In preparation for my weekly spot with John DePetro, this afternoon, I revisited Katherine Gregg’s Providence Journal article about the 7.5% in raises (actually 7.7%, compounded) state employees under Council 94 are expected to receive as part of a deal with Democrat Governor Gina Raimondo.  Raimondo, you may have heard, is facing a tough election this year.

These paragraphs jump out:

… the events at Council 94 union headquarters coincided with the announcement by the Raimondo administration that year-to-date revenue collections are running $46.5 million ahead of the estimates adopted at the state’s official Revenue Estimating Conference last November, on which Governor Raimondo’s $9.3 billion budget proposal was based.

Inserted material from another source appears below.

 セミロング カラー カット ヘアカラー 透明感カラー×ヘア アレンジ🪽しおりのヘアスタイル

A statement issued by the Department of Revenue said: “The major contributors to this surplus are personal income tax revenues, $43.6 million more than expected; estate and transfer tax revenues, $5.3 million above expectations; departmental receipts revenues, $4.5 million more than expected; and public utilities gross earnings tax revenues, $5.4 million ahead of estimates.” A few smaller sources of revenue fell short of projections, yielding the net surplus of $46.5 million.

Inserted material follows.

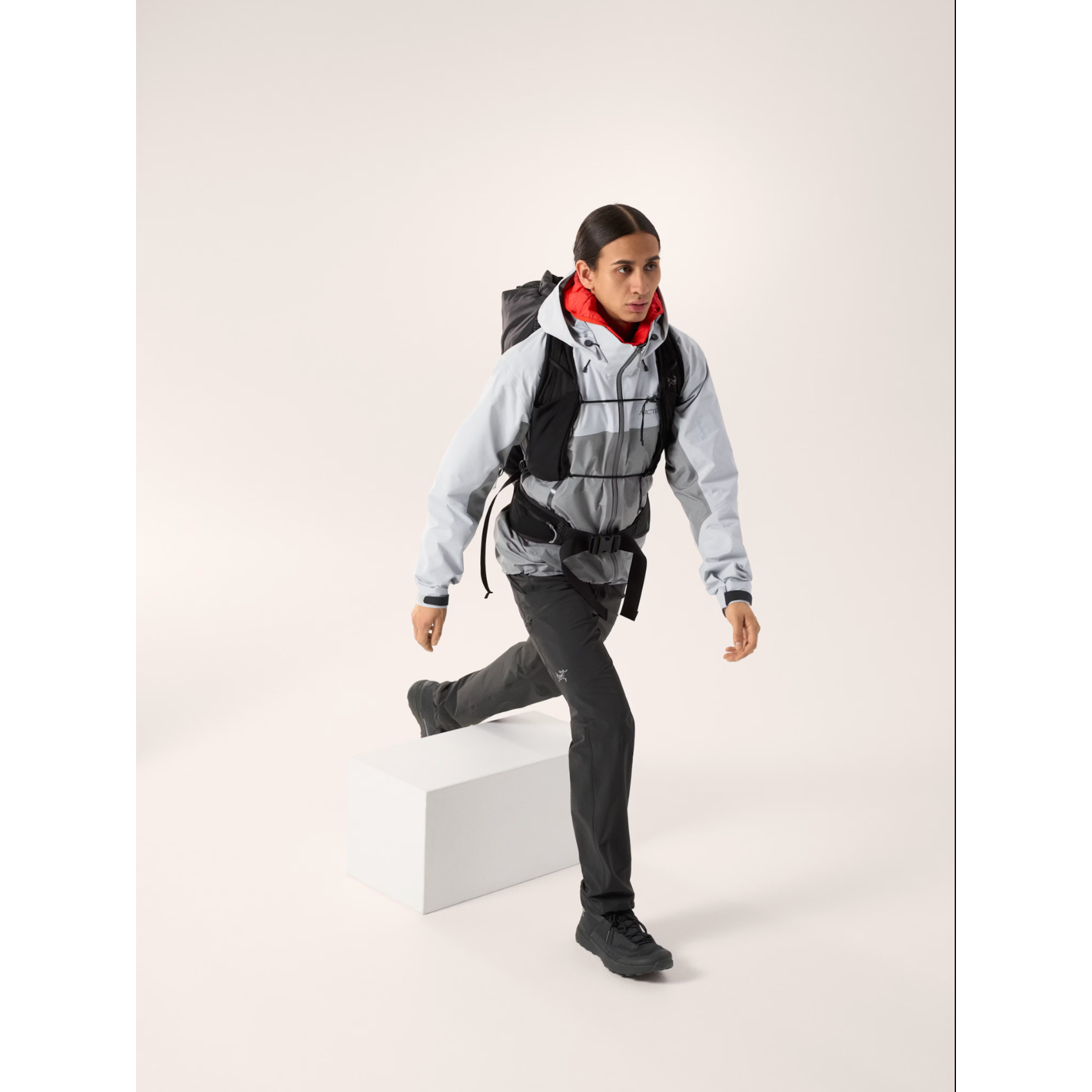 #color_solitude-void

Gregg notes that the new raises will be competing with the pleas of other special interest groups in their annual “more money” dance (which, admittedly, sometimes means more than a budgeted reduction).

But have you noticed that an unexpected increase in revenue is never cited as an opportunity to lower tax rates?  To the extent that it comes up, reduced taxes are typically handled in such a way as to make a special interest out of taxpayers, as with the specific elimination of the car tax.

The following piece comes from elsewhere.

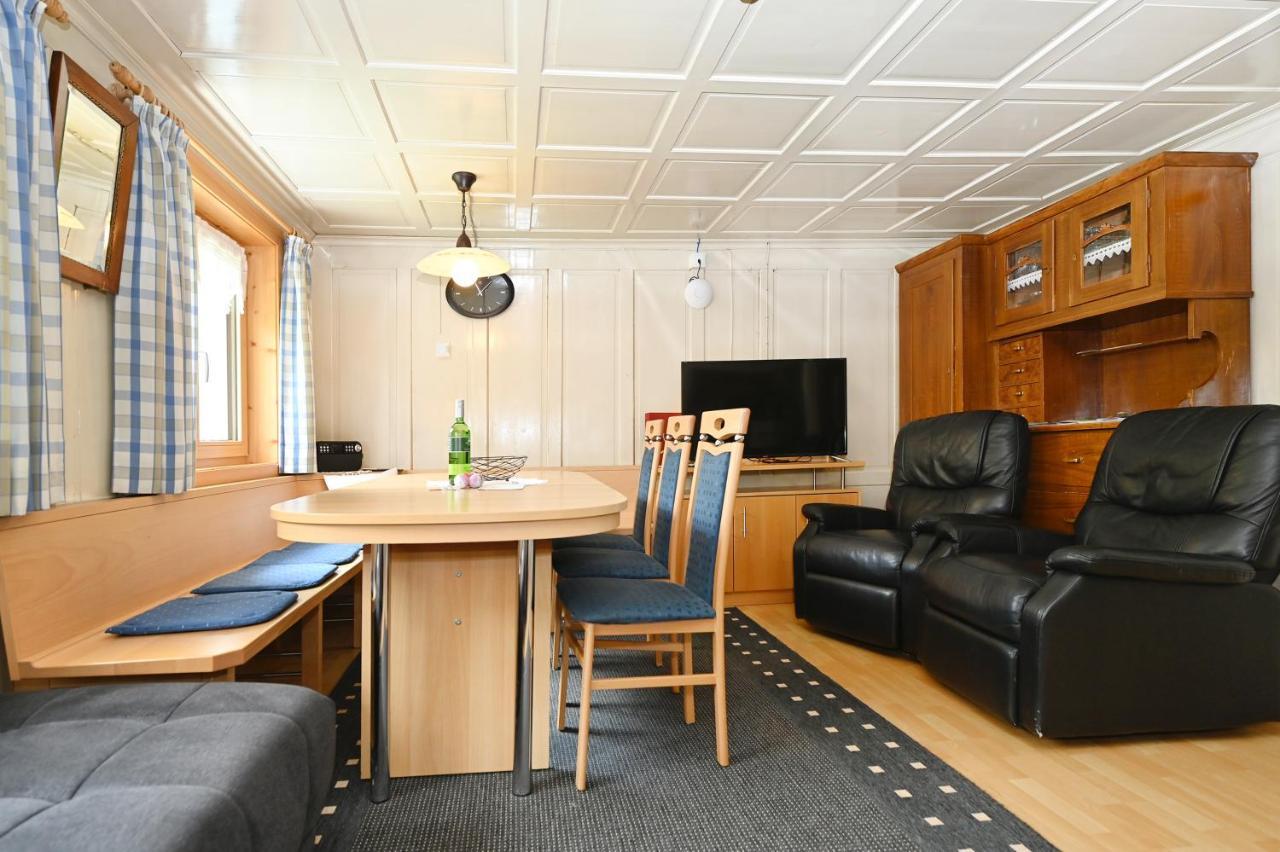 Ferienbauernhof Moosbrugger Apartment Schoppernau Exterior photo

In any event, time will tell whether Raimondo’s bid for the labor vote creates enough of a boost to save her job.  Valley Breeze publisher Tom Ward is skeptical of her chances, generally:

My take on it: There is no amount of money that will save her candidacy. The unfixable UHIP that continues to cost taxpayers more millions, the now-late and already unpopular tolls that create a new budget shortage, the “scooping” of energy conservation monies – and now, grabbing 911 emergency funds for God knows what. She owns all of it! She will lose a two-way race soundly, and needs to keep independents like Joe Trillo in the race to save her.

We’ll see.  The thing with full ballots is that a candidate can win with a small plurality, as Rhode Islanders keep learning… to our detriment.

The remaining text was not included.